Work to be completed
The line that contains "100*140cm Christmas Decorative" marks the start. Please set it down, with every later line of the data, exactly and without pictures.

Data extracted from a collection
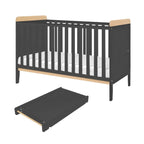 Tutti Bambini Rio 3 pcs Room Set - Dove Grey/Honey Oak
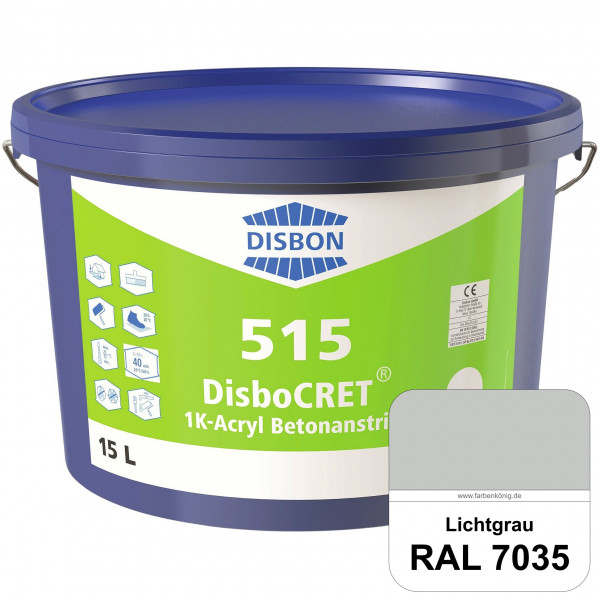 DisboCRET 515 1K-Acryl-Betonanstrich (RAL 7035 Lichtgrau) Hochwertige & rissüberdeckende Schutzbesch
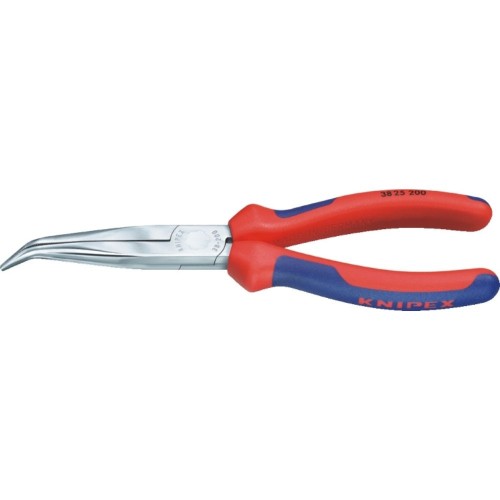 Szczypce półokrągłe wydłużone wygięte dla mechanika Knipex 38 25 200 200 mm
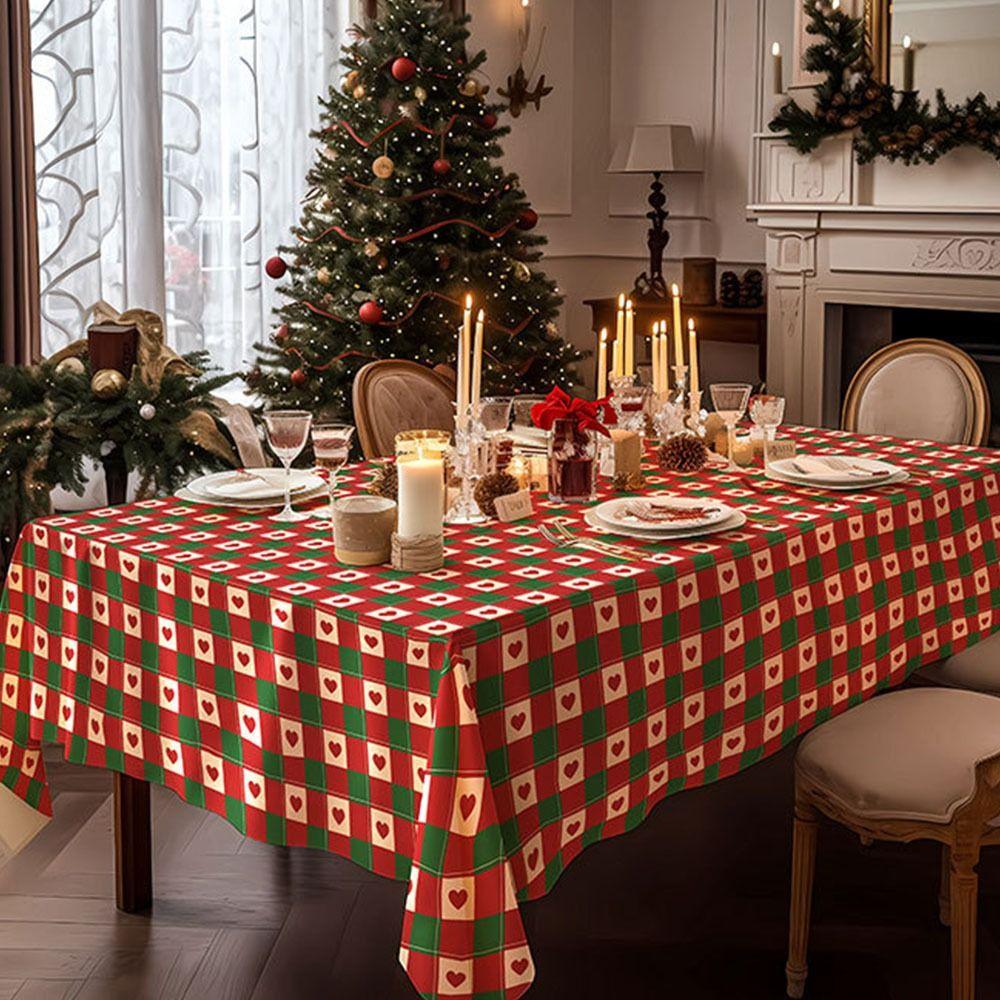 100*140cm Christmas Decorative Table Cover Thickened Tablecloth  New Year Party Supplies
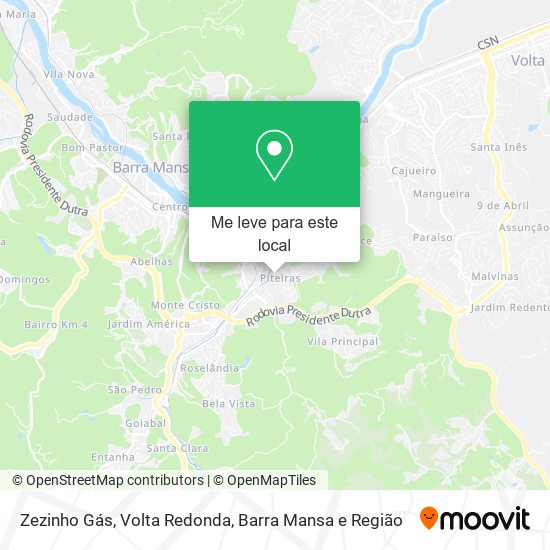 Zezinho Gás mapa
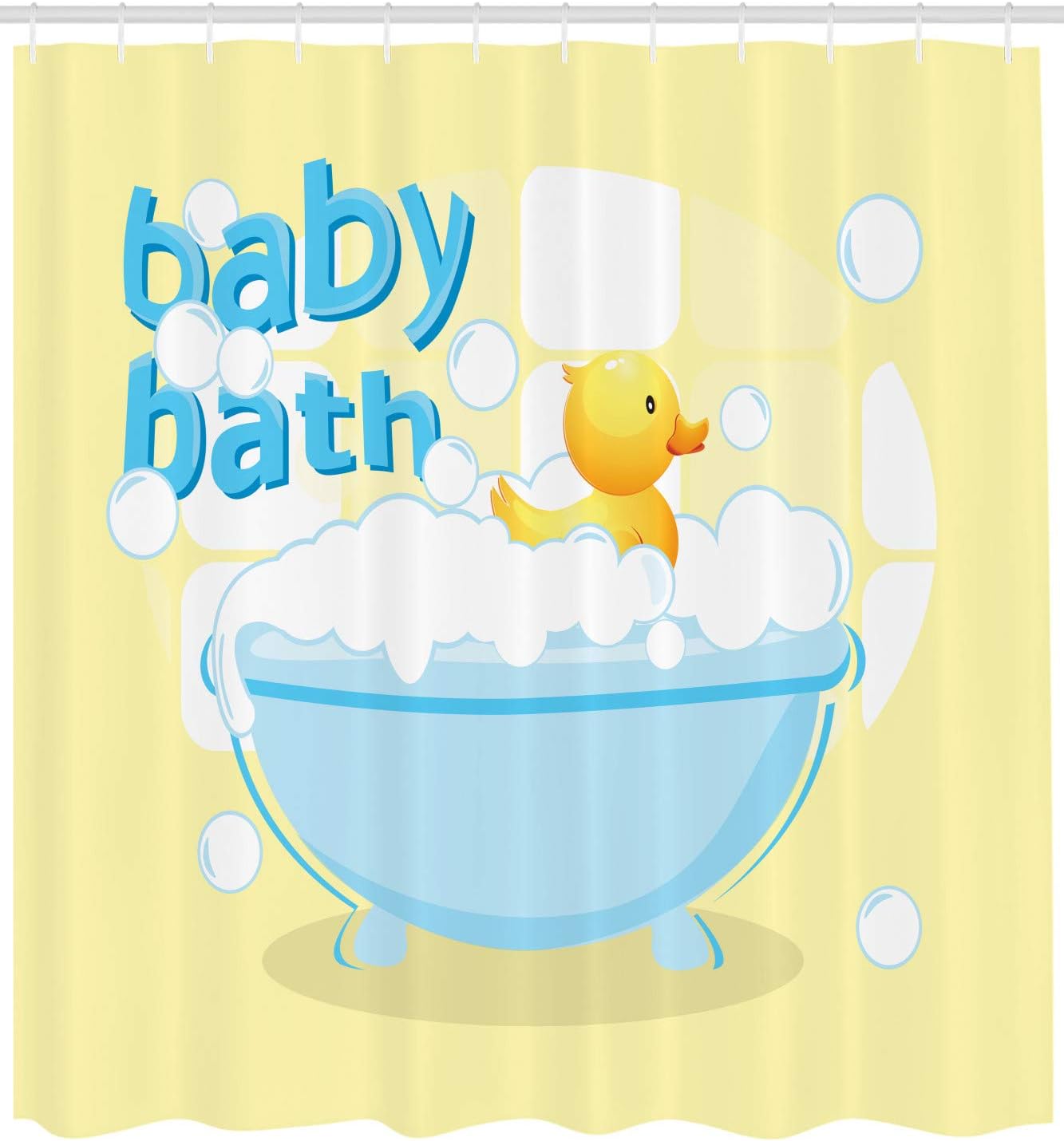 Gelber Baby-Badevorhang mit Lu – Baby Nursery Yellow Bewertung und Preis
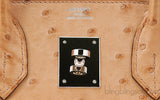 Birkin 30 Natural Gold Ostrich PHW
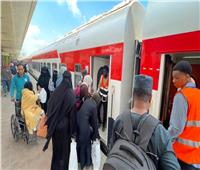 سكك حديد مصر تسيّر الرحلة الخامسة والعشرين ضمن مبادرة العودة الطوعية للسودانيين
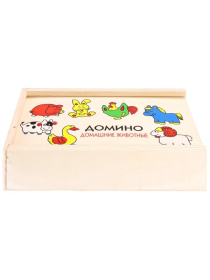 Деревянная игрушка. Домино. "Домашние животные" Деревянная игрушка. Домино. "Домашние животные"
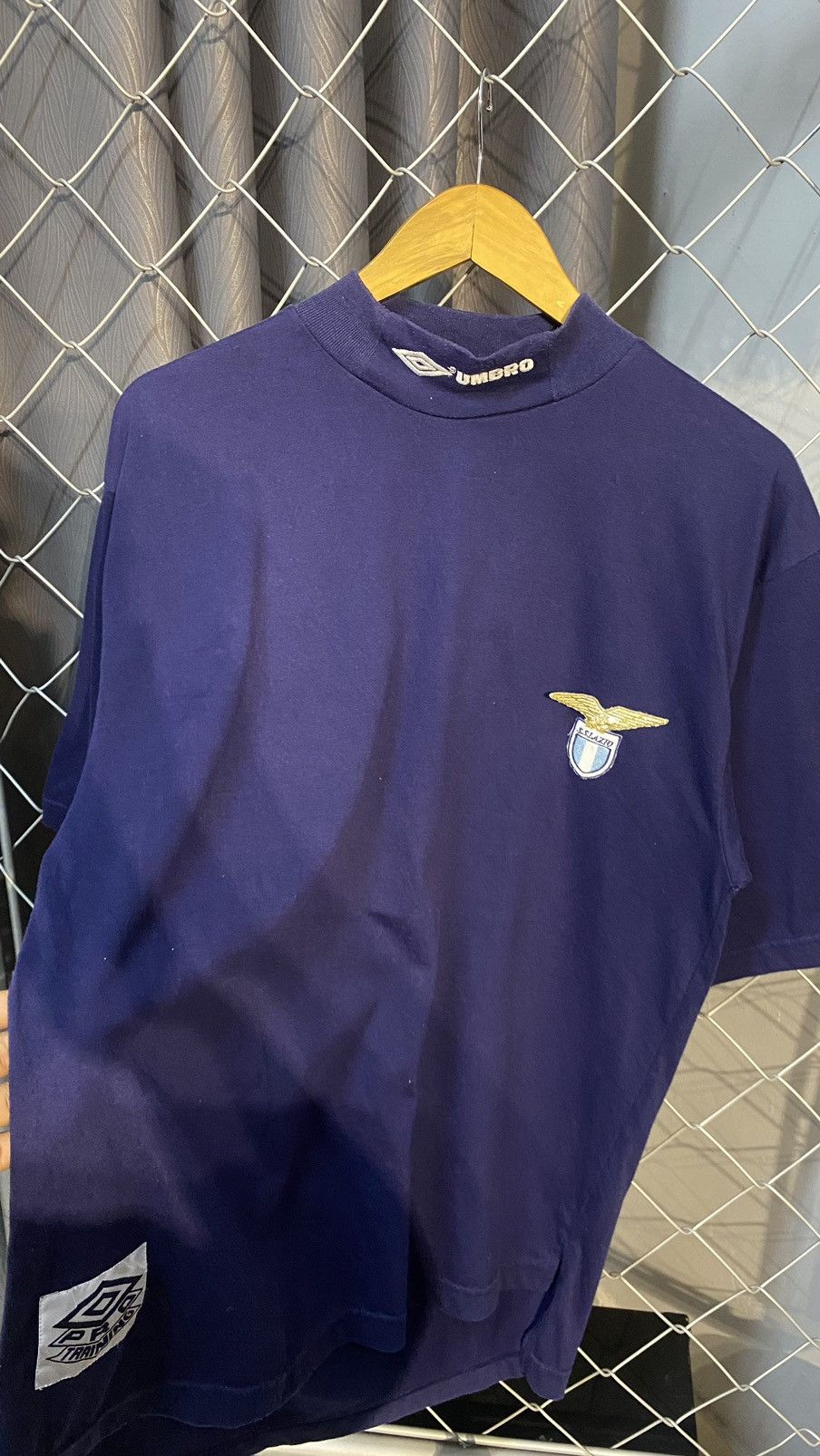 Umbro × Vintage VINTAGE 90's UMBRO SS LAZIO PRO TRAINING HIGH NECK LARGE Size US L / EU 52-54 / 3 - 3 Thumbnail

Answer box
 100*140cm Christmas Decorative Table Cover Thickened Tablecloth  New Year Party Supplies
 Zezinho Gás mapa
 Gelber Baby-Badevorhang mit Lu – Baby Nursery Yellow Bewertung und Preis
 Birkin 30 Natural Gold Ostrich PHW
 سكك حديد مصر تسيّر الرحلة الخامسة والعشرين ضمن مبادرة العودة الطوعية للسودانيين
 Деревянная игрушка. Домино. "Домашние животные" Деревянная игрушка. Домино. "Домашние животные"
 Umbro × Vintage VINTAGE 90's UMBRO SS LAZIO PRO TRAINING HIGH NECK LARGE Size US L / EU 52-54 / 3 - 3 Thumbnail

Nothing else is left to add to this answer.